§ DESCRIPTION OF THE TASK
Write the entries below out again exactly; any picture in them stays out.
=== DATA FOR REVIEW ===
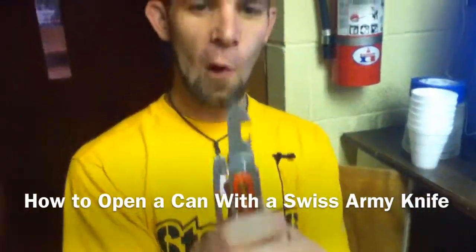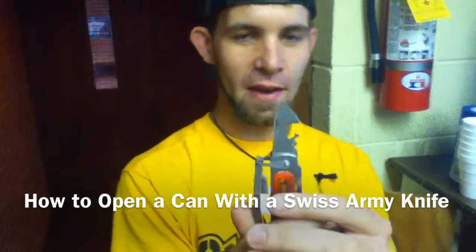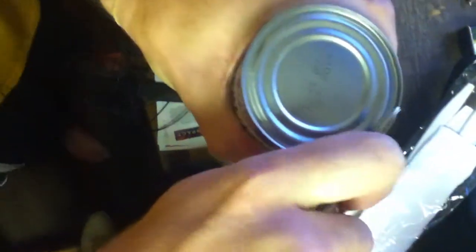Alright, the proper way of opening a can with this extraordinary looking, odd looking cutting tool. Oh my gosh, we're going to like cut ourselves. Is it working? This is how cavemen open cans.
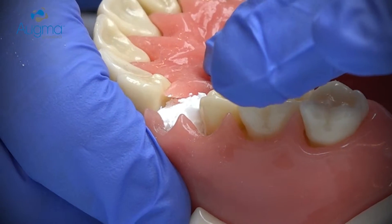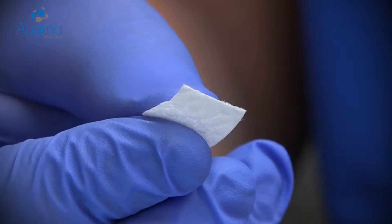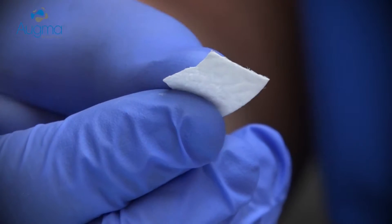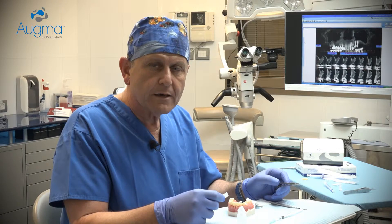You cannot leave the material exposed to the oral environment — you must protect it with something. For that purpose, you can use a simple collagen sponge or a membrane, up to your preference. The collagen sponge is intended to protect the graft from masticatory forces and it is sutured together with the soft tissues around it.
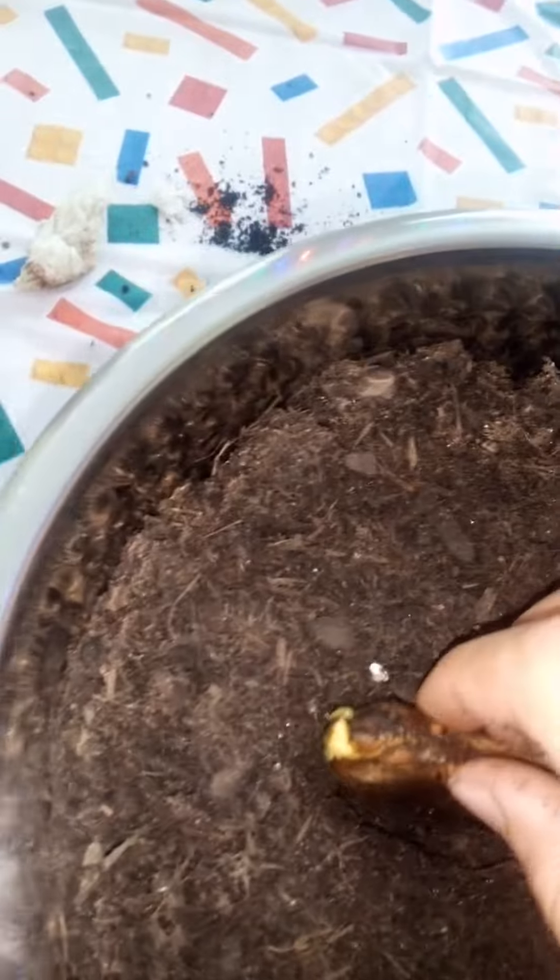I'll teach you guys how to put it in. So, first thing you want to do is you want to get this thing a little bit cleared up. This is what not to do. Don't put it like that. You put it like... that.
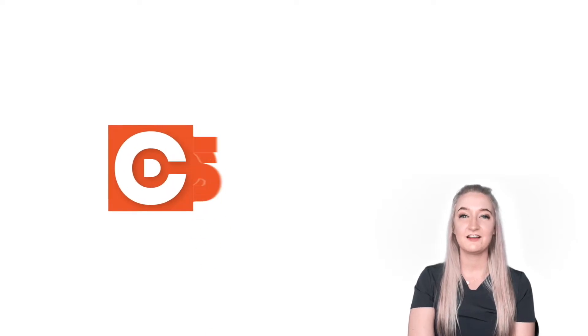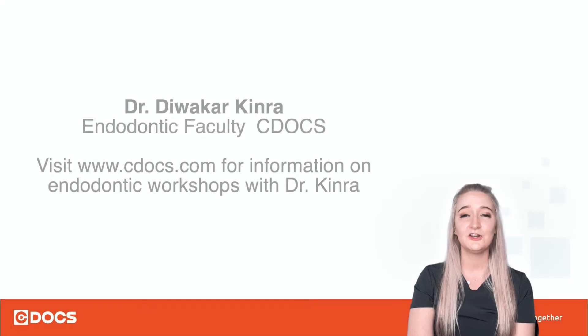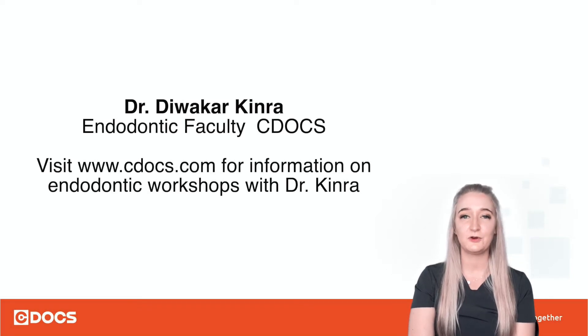Hi, my name is Alyssa, and I'm an endodontic clinical assistant for Dr. Kinra. For my tip of the day, I'll be showing you how to dry the canal spaces and get them ready to obturate.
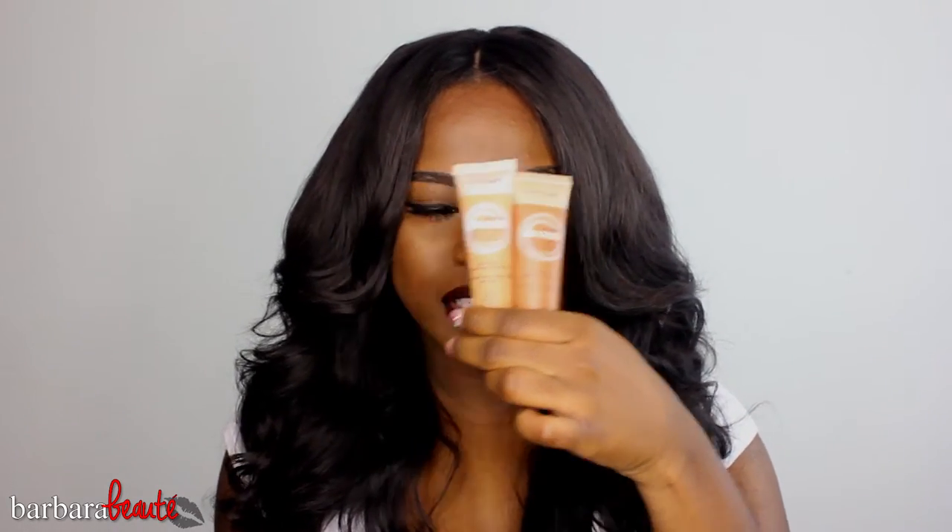So here are the Dream Velvet foundations — I'll give you a close-up of them in another clip. They come in a tube sort of packaging, sort of like a hand cream type packaging. The two shades I have are 92 and 95: 92 is called Caramel and 95 is called Coconut. I do have to mix these two foundations. I got them at Walmart for $9.98, so they're basically like $10 at Walmart, but I'll leave the retail price below.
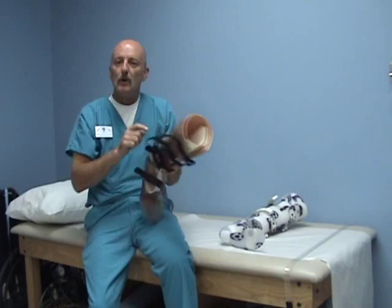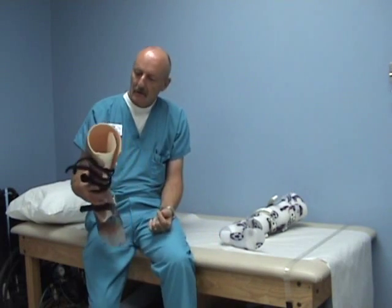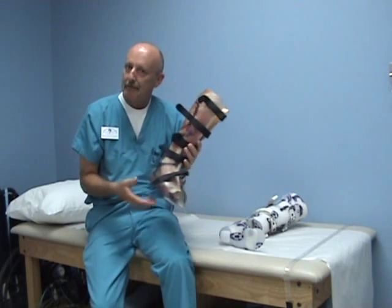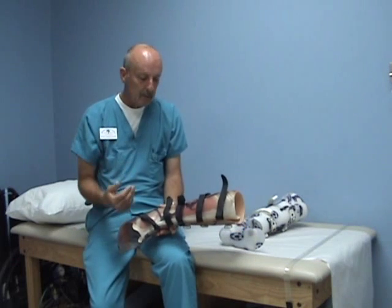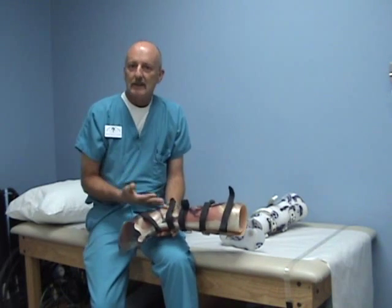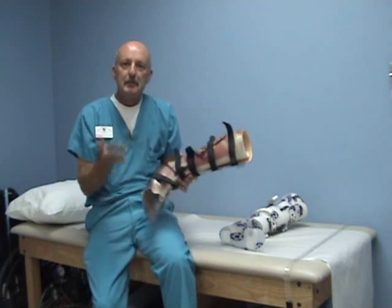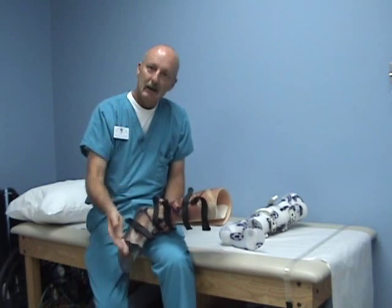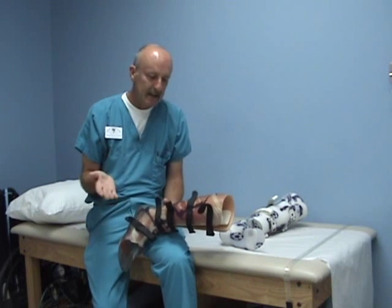You can also put ventilation holes in — I didn't in this one, as this is a sample — but it is a very effective tool at managing and unweighting the foot and ankle. Over the long term, this works like a cast, so a patient is in this for a period of weeks and you have to be able to manage soft tissue fluctuations.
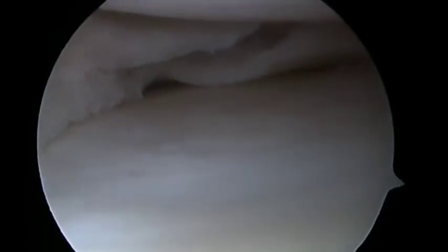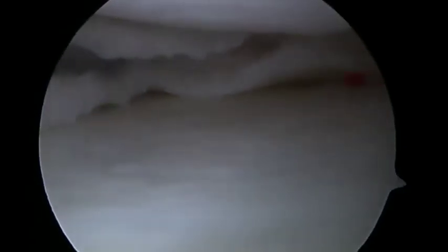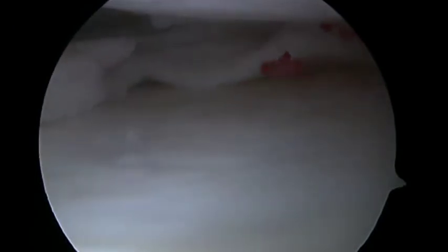Prior to proceeding to meniscal repair, a probe should be inserted and the flow should be stopped, confirming that there is bleeding from the peripheral meniscus.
===
§ RESPONSE FOR THIS EXERCISE
Alright, the proper way of opening a can with this extraordinary looking, odd looking cutting tool. Oh my gosh, we're going to like cut ourselves. Is it working? This is how cavemen open cans.
You cannot leave the material exposed to the oral environment — you must protect it with something. For that purpose, you can use a simple collagen sponge or a membrane, up to your preference. The collagen sponge is intended to protect the graft from masticatory forces and it is sutured together with the soft tissues around it.
I'll teach you guys how to put it in. So, first thing you want to do is you want to get this thing a little bit cleared up. This is what not to do. Don't put it like that. You put it like... that.
Hi, my name is Alyssa, and I'm an endodontic clinical assistant for Dr. Kinra. For my tip of the day, I'll be showing you how to dry the canal spaces and get them ready to obturate.
So here are the Dream Velvet foundations — I'll give you a close-up of them in another clip. They come in a tube sort of packaging, sort of like a hand cream type packaging. The two shades I have are 92 and 95: 92 is called Caramel and 95 is called Coconut. I do have to mix these two foundations. I got them at Walmart for $9.98, so they're basically like $10 at Walmart, but I'll leave the retail price below.
You can also put ventilation holes in — I didn't in this one, as this is a sample — but it is a very effective tool at managing and unweighting the foot and ankle. Over the long term, this works like a cast, so a patient is in this for a period of weeks and you have to be able to manage soft tissue fluctuations.
Prior to proceeding to meniscal repair, a probe should be inserted and the flow should be stopped, confirming that there is bleeding from the peripheral meniscus.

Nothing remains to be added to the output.